ACTIVITY
Images should be left out, and everything else in the listing reproduced exactly.

COLLECTED MATERIAL
☆ ☆ ☆ ☆ ☆
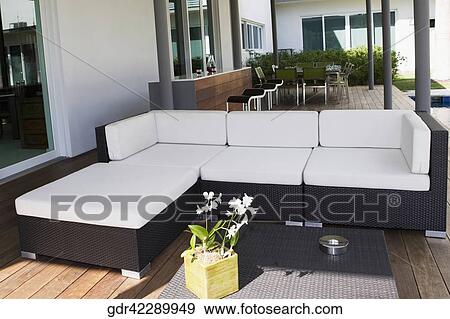 Stock Photo - Couch under a patio. Fotosearch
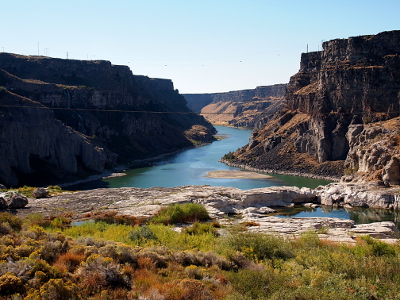 [The falls are not visible. One views rock and vegetation in the foreground leading to water snaking through the high canyon walls in the mid and background.]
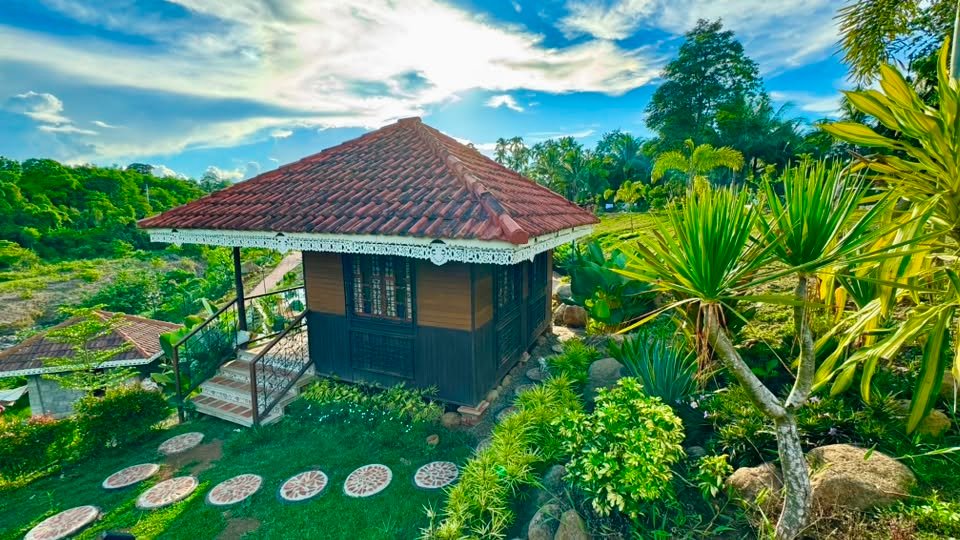 A stilted bahay kubo cottage with a red tile roof among garden plantings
☆ ☆ ☆ ☆ ☆
ANSWER SPACE
 Stock Photo - Couch under a patio. Fotosearch
 [The falls are not visible. One views rock and vegetation in the foreground leading to water snaking through the high canyon walls in the mid and background.]
 A stilted bahay kubo cottage with a red tile roof among garden plantings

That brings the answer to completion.